_WHAT YOU SHOULD DO:_ Copy, please, the line with "Midi Vestido Morena Cut Out Textured Crepe" and each line that follows it through the end of the data below, exactly as given and without pictures.

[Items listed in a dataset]
=====
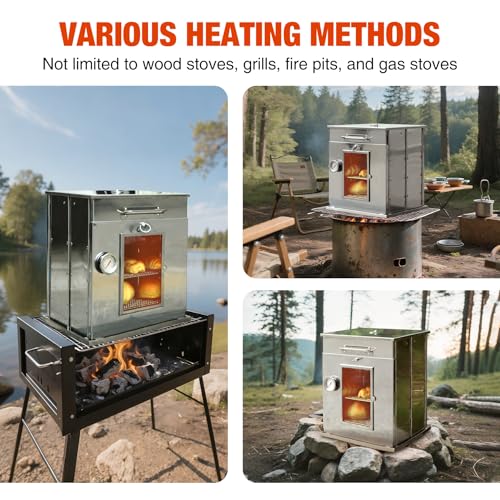REDCAMP 14"H Foldable Camping Oven with 2 Tier Grill, Stainless Steel Portable Camping Stove for Baking Cinnamon Rolls, Br...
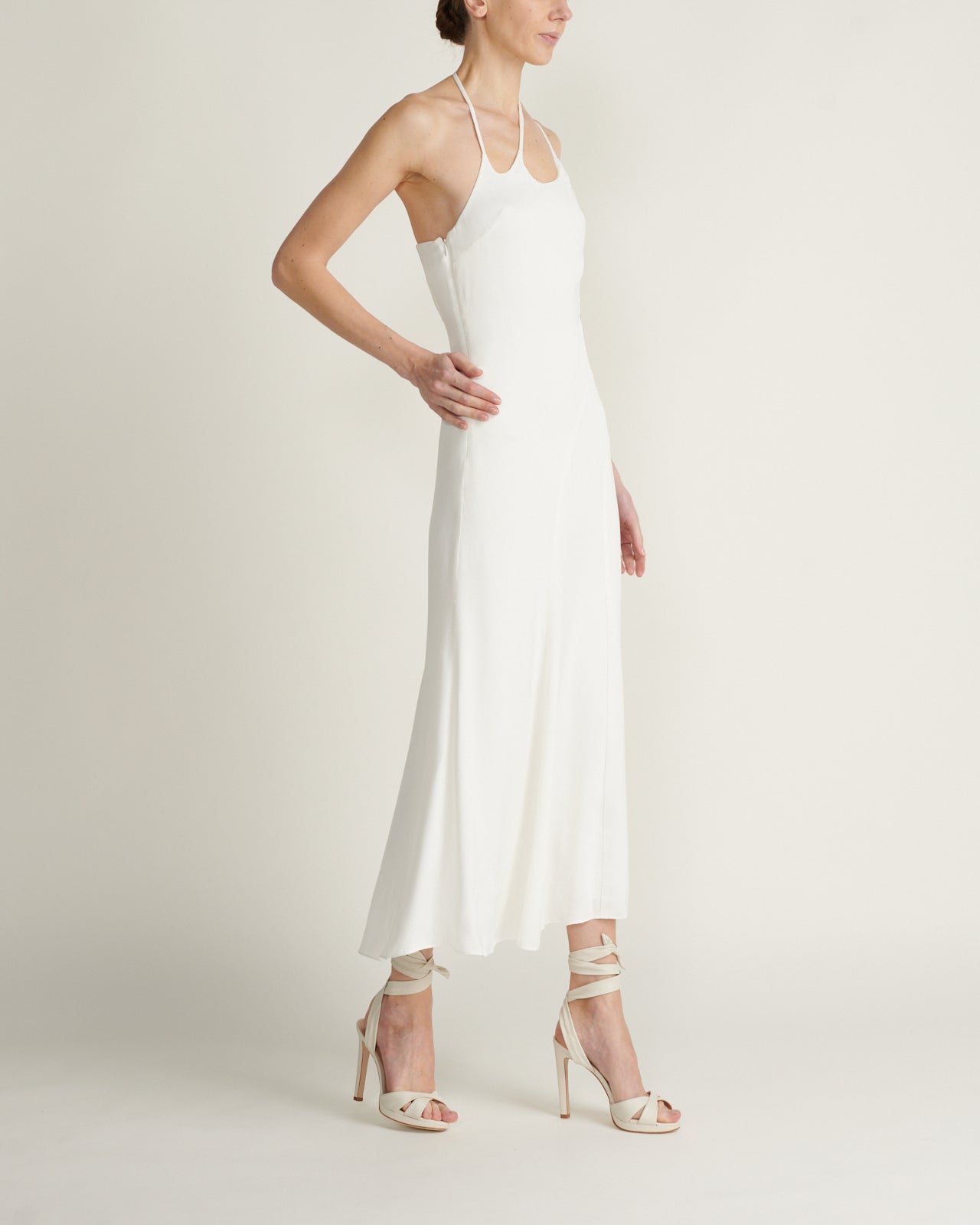 Midi Vestido Morena Cut Out Textured Crepe
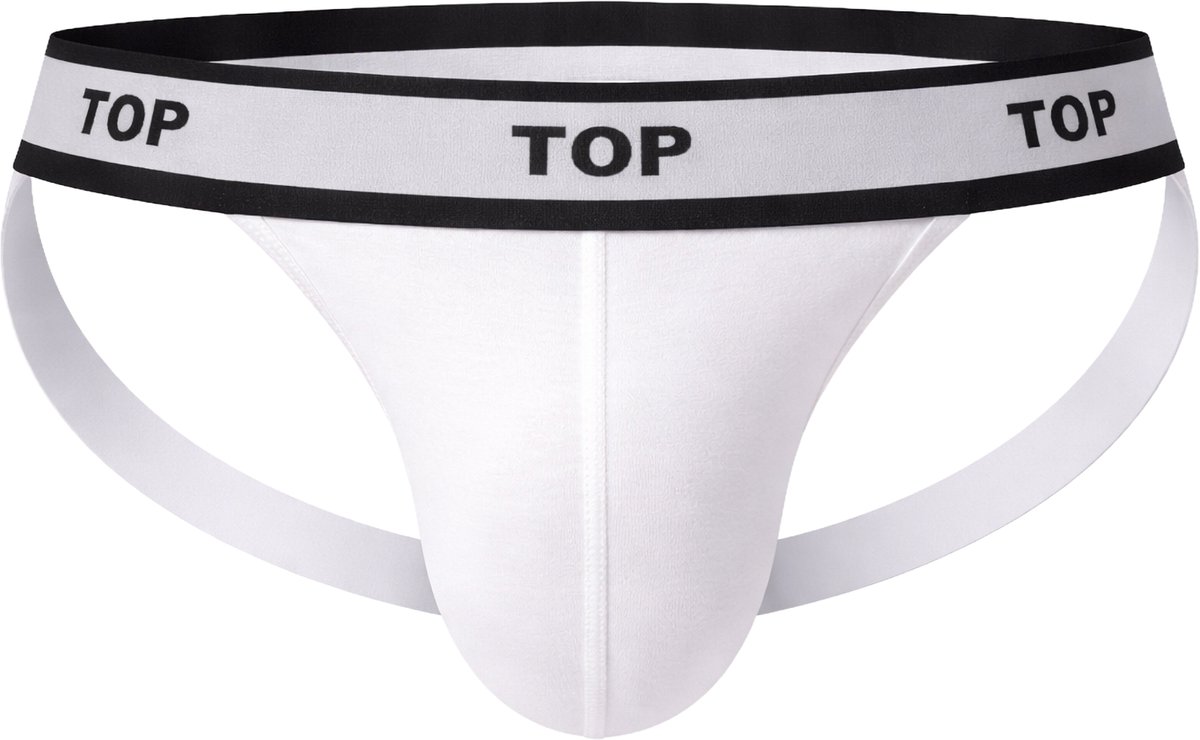 Barcode Berlin Jockstrap TOP White-Black - MAAT S - Heren Ondergoed - Jockstrap voor Man - Mannen Jock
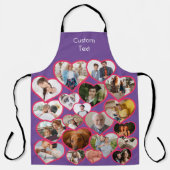 Liefde Rood Hart | Aangepaste 20 foto's Collage &  Schort (Voorkant)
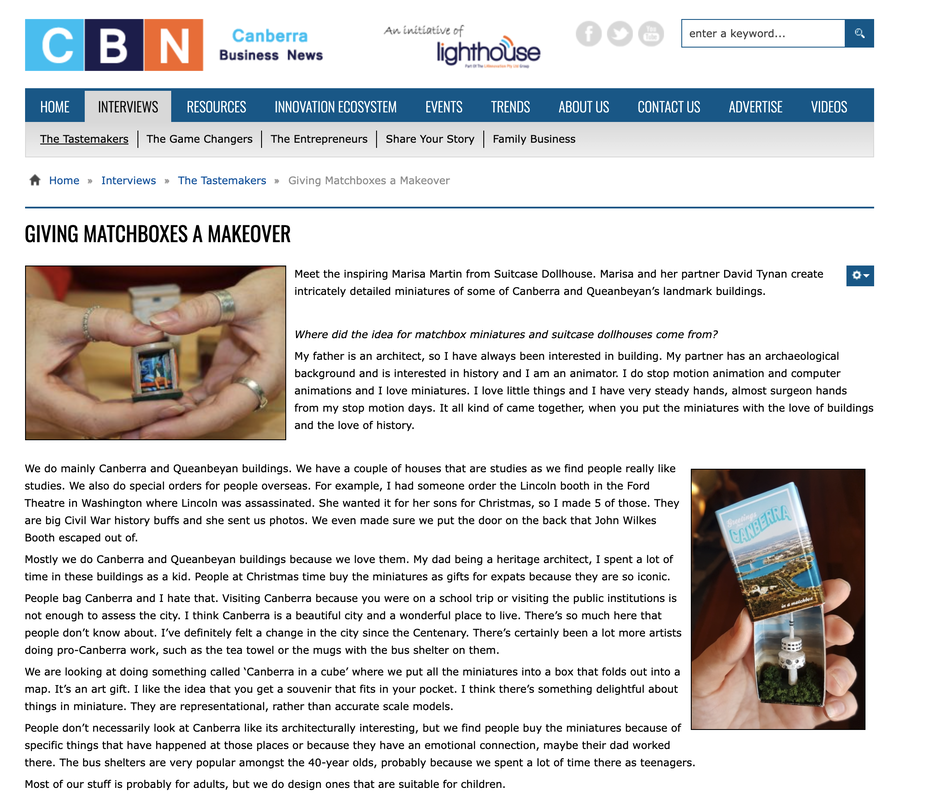 Canberra Business Network Article on
                              Suitcase Dollhouse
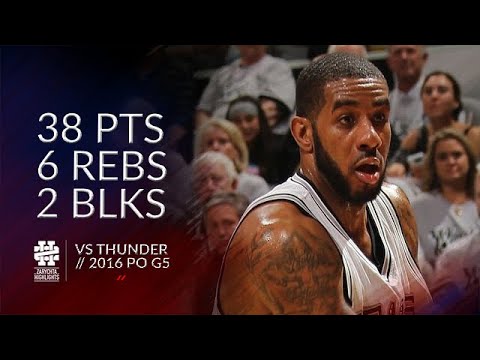 LaMarcus Aldridge 38 pts 6 rebs 2 blks vs Thunder 2016 PO G1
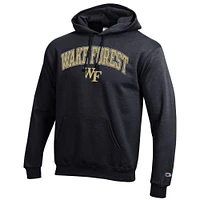 Men's Champion  Black Wake Forest Demon Deacons Arched Logo Fleece Pullover Hoodie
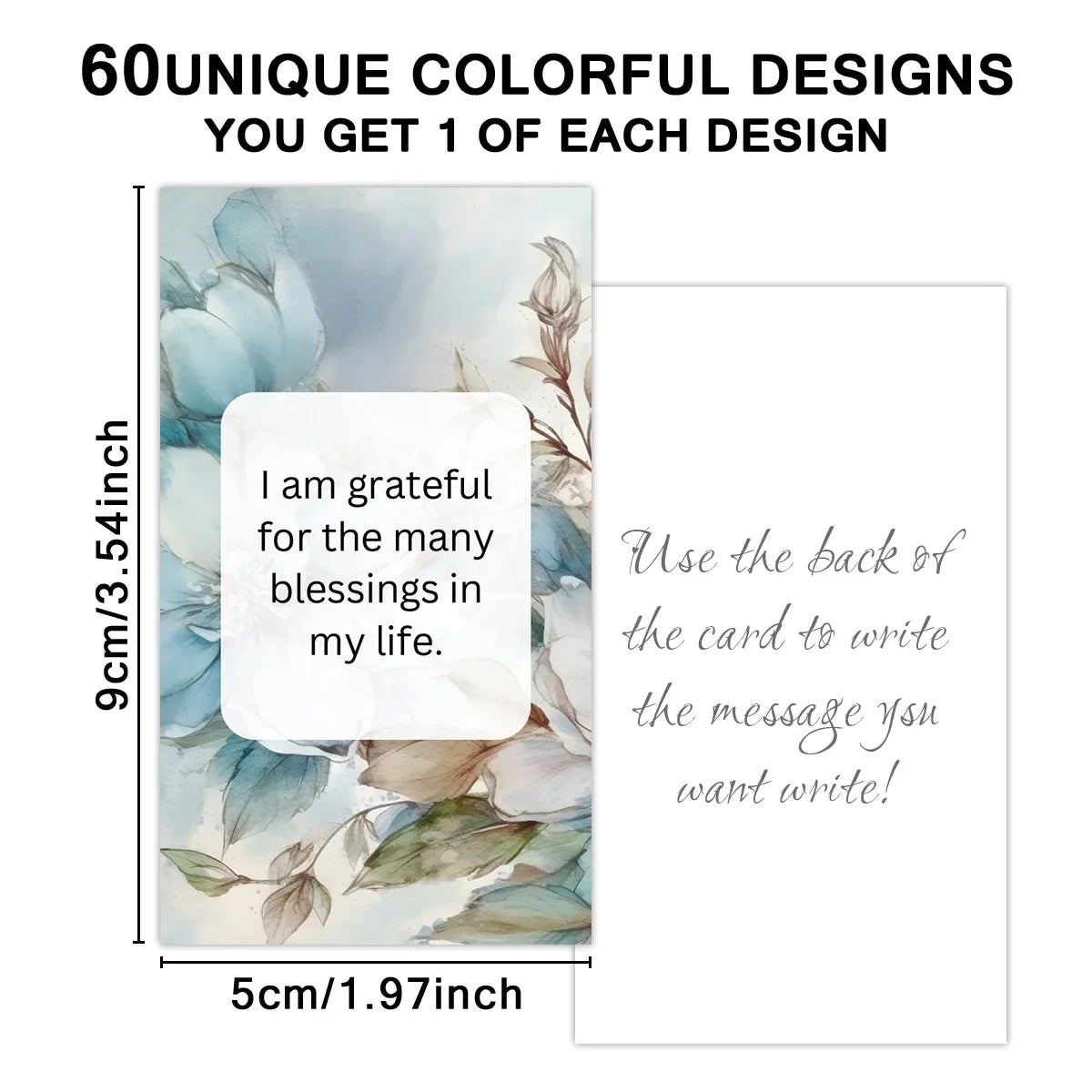 60pcs Women Affirmation Cards, Daily Positive Quotes, Self-Encouragement Motivational Cards for Mental Wellness, Gifts Idea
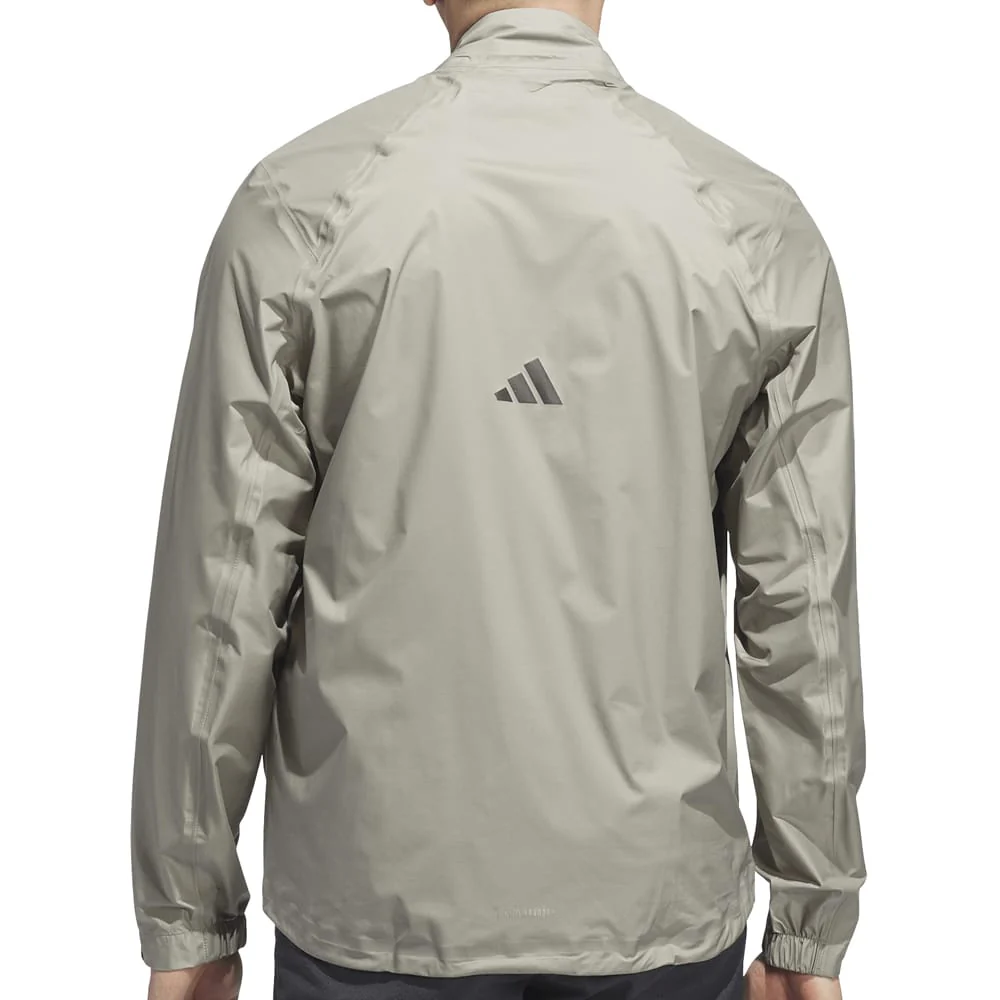 adidas Ultimate365 Tour Climaproof+ Waterproof Half-Zip Rain Suit - Silver Pebble/Black - Image 6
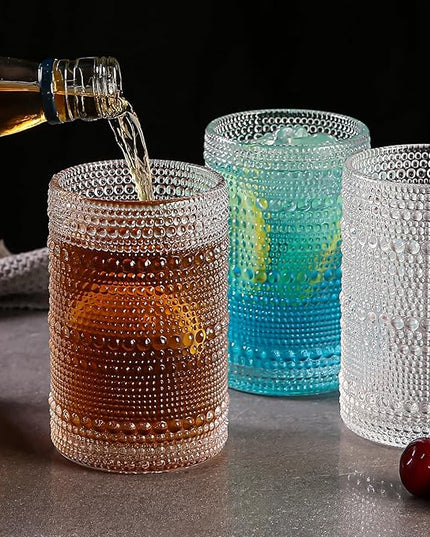 Vintage Hobnail Drinking Glasses Set of 8,Clear 12 oz & 15oz Highball Glass Cups, Kitchen Drinkware Glassware,Embossed Water Tumbler,for Beer,Cocktail,Whiskey,Juice and Various Mixed Drinks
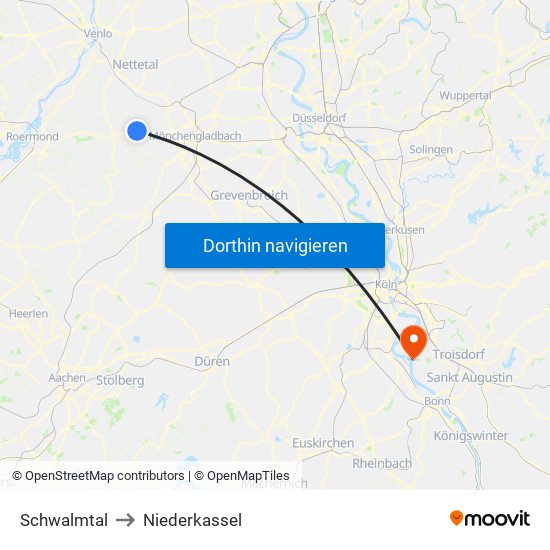 Schwalmtal to Niederkassel map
=====
_RESULT FOR THIS EXERCISE:_
 Midi Vestido Morena Cut Out Textured Crepe
 Barcode Berlin Jockstrap TOP White-Black - MAAT S - Heren Ondergoed - Jockstrap voor Man - Mannen Jock
 Liefde Rood Hart | Aangepaste 20 foto's Collage &  Schort (Voorkant)
 Canberra Business Network Article on
                              Suitcase Dollhouse
 LaMarcus Aldridge 38 pts 6 rebs 2 blks vs Thunder 2016 PO G1
 Men's Champion  Black Wake Forest Demon Deacons Arched Logo Fleece Pullover Hoodie
 60pcs Women Affirmation Cards, Daily Positive Quotes, Self-Encouragement Motivational Cards for Mental Wellness, Gifts Idea
 adidas Ultimate365 Tour Climaproof+ Waterproof Half-Zip Rain Suit - Silver Pebble/Black - Image 6
 Vintage Hobnail Drinking Glasses Set of 8,Clear 12 oz & 15oz Highball Glass Cups, Kitchen Drinkware Glassware,Embossed Water Tumbler,for Beer,Cocktail,Whiskey,Juice and Various Mixed Drinks
 Schwalmtal to Niederkassel map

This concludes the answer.